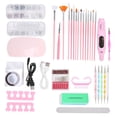 thumbnail image 1 of Nail Drill Pen Kit, Nail Art Kit 6pcs Double Light 6W USB Nail Drill Para Salón De Uñas Para El Hogar ANGGREK Otros, 1 of 8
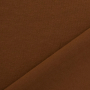 Tissu jersey de coton uni Emma, terracotta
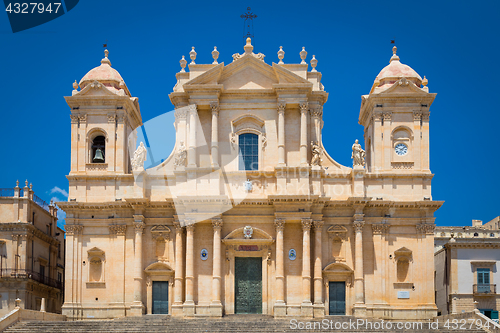 Image of NOTO, ITALY - San Nicolò Cathedral, UNESCO Heritage Site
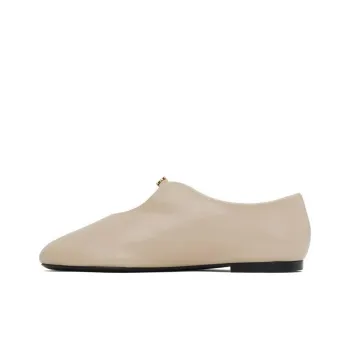 Givenchy 4G Liquid Casual Single Shoes Women's Beige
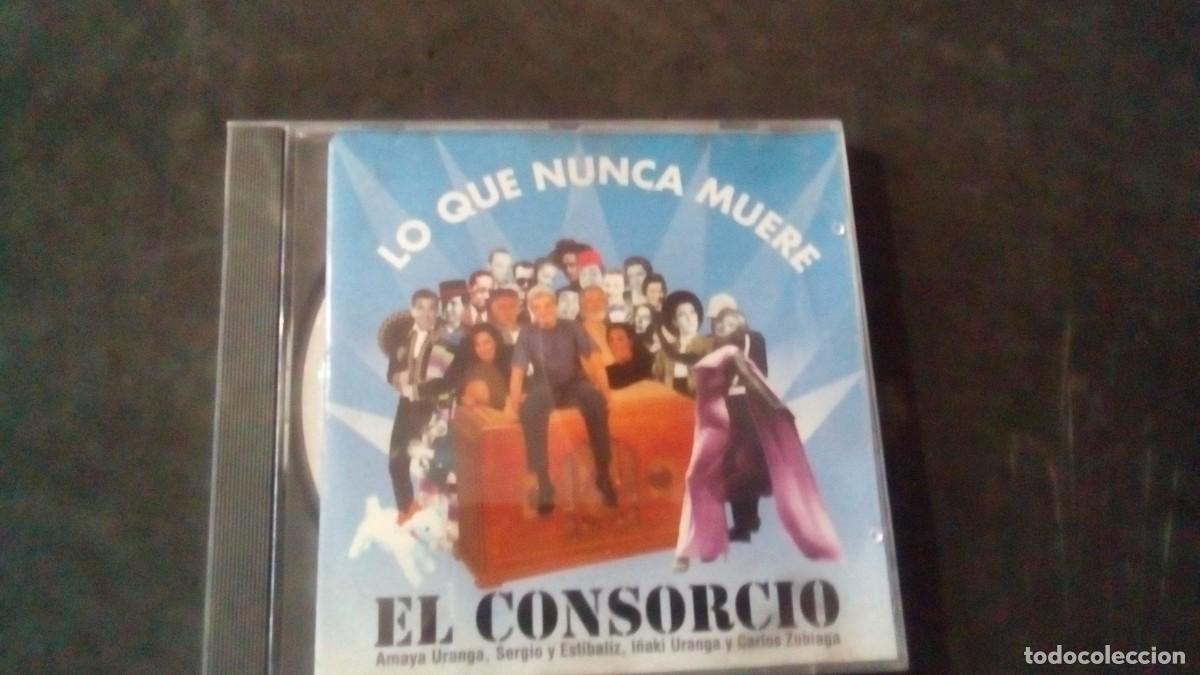CDs de M&uacute;sica: CD - EL CONSORCIO - LO QUE NUNCA MUERE - 1994 - MOCEDADES -COMO NUEVO
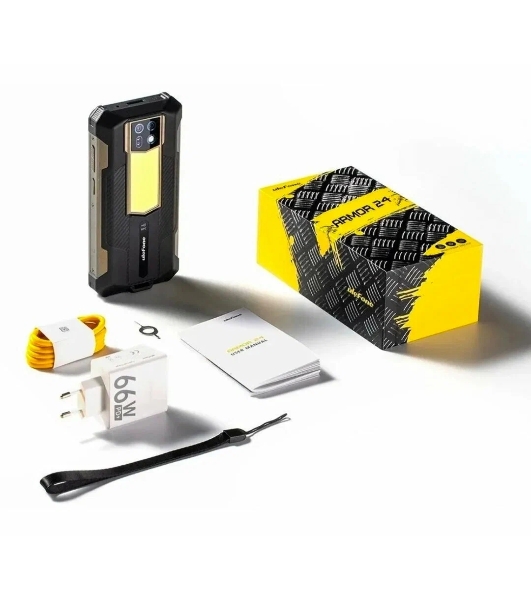 Смартфон Ulefone Armor 24, 12/256Gb, черный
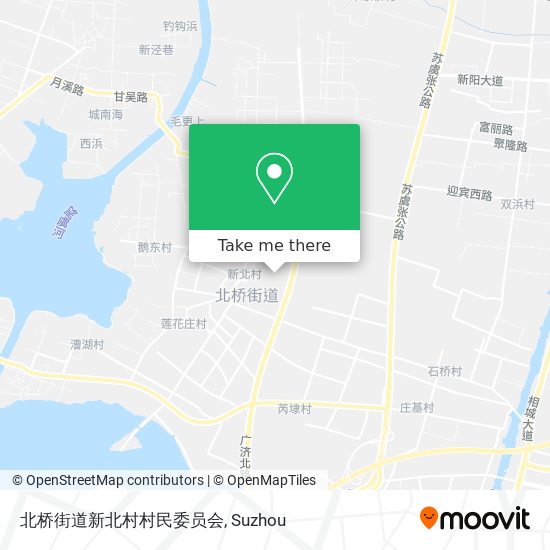 北桥街道新北村村民委员会 map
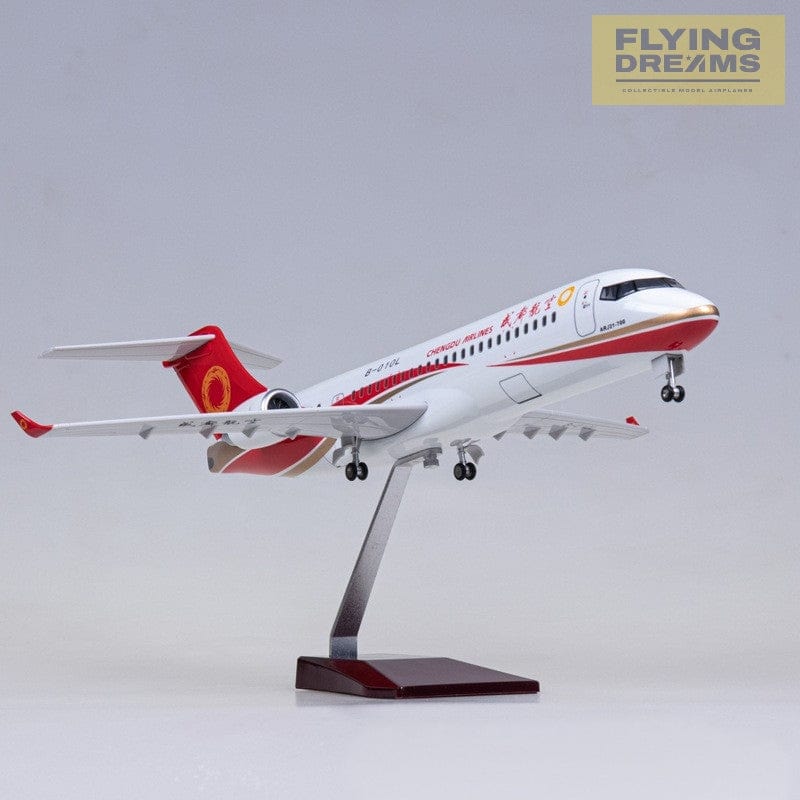 ARJ21 Chengdu Airlines - Scale 1/70 - 47cm - 18.5cm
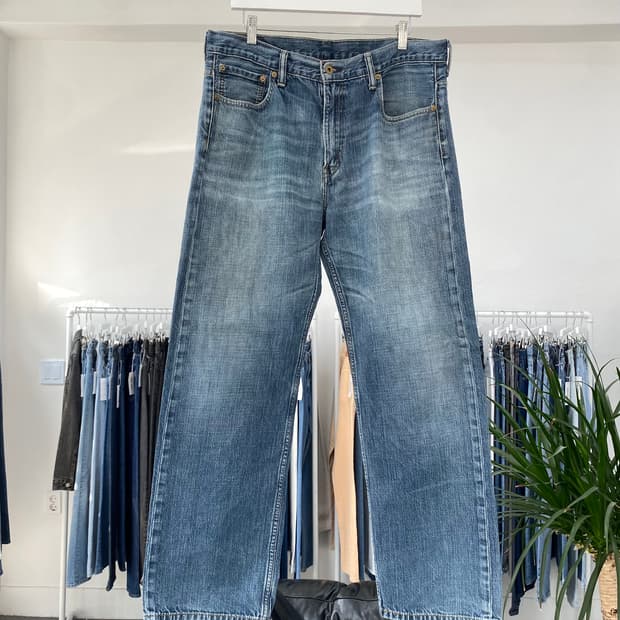 리바이스569 Loose Fit 00s 34사이즈 a5481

····················

* **Exercise description**
Starting with the line that contains "Givenchy 4G Liquid", repeat each line exactly until the listing ends, including the last one. Leave pictures out.

* **The answer**
 Givenchy 4G Liquid Casual Single Shoes Women's Beige
CDs de M&uacute;sica: CD - EL CONSORCIO - LO QUE NUNCA MUERE - 1994 - MOCEDADES -COMO NUEVO
 Смартфон Ulefone Armor 24, 12/256Gb, черный
 北桥街道新北村村民委员会 map
 ARJ21 Chengdu Airlines - Scale 1/70 - 47cm - 18.5cm
 리바이스569 Loose Fit 00s 34사이즈 a5481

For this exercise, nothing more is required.